Amid the morning mist on Monday in Malaysia, Gary Woodland stepped to the 18th tee at Kuala Lumpur Golf & Country Club and gave the golf world the ultimate head fake, smoothing an iron into play on the massive 634-yard, par-5 closing hole.
He broke the code, right? The former college point guard knows the rules, coaches coach, shooters shoot and bombers bomb. In this moment, a sudden-death playoff against Ryan Moore that spilled over into Monday at the CIMB Classic by mounting weather delays, one of the game’s most athletic players had a chance to overpower the sprawling final hole and claim his third PGA Tour title.
Instead, he went with an iron off the tee, hit a less-than-stellar layup into the rough and watched as Moore birdied the hole to claim the crown. In the loss, however, we saw a glimpse of Gary Woodland 2.0, a retooled player whose health and head have finally caught up with all that athleticism.
“I didn't think I could cover the bunkers this morning, especially where that pin was,” Woodland reasoned on Monday. “If the pin was up front, we probably would have been a little more aggressive, but with the pin in the back I didn't want to leave it short of the bunker and have a tough third shot. We decided to lay up and tried to hit a good wedge in there.”
In short, the mighty has become mindful. And in the case of Woodland he’s come by it honestly.
For all of the Monday morning quarterbacks – or maybe it was Sunday night couch potatoes considering the CIMB’s playoff was aired in primetime on the East Coast from Malaysia – who took to second guessing Woodland’s choice of clubs in extra frames know only that the decision is a sign of progress.

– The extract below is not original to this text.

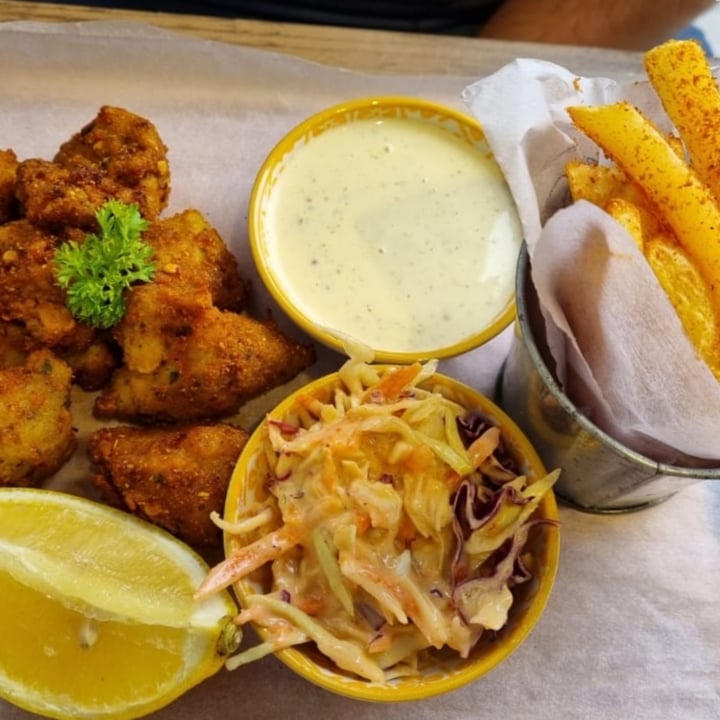 photo of The Vegan Chef Umhlanga Crispy Battered Vish, Chips and Slaw shared by @nadias on  18 Aug 2022 - review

Consider that less than six months ago, Woodland had drifted to 259th in the World Golf Ranking and was mired in an ultimate makeover that others would likely consider a career-ending abyss.
In order, Woodland changed management firms, swing coaches (twice), equipment and eventually caddies (Tony Navarro). If not for the omnipresent Kansas Jayhawk on his bag, casual fans may have been challenged to pick Woodland out of a crowded tee sheet.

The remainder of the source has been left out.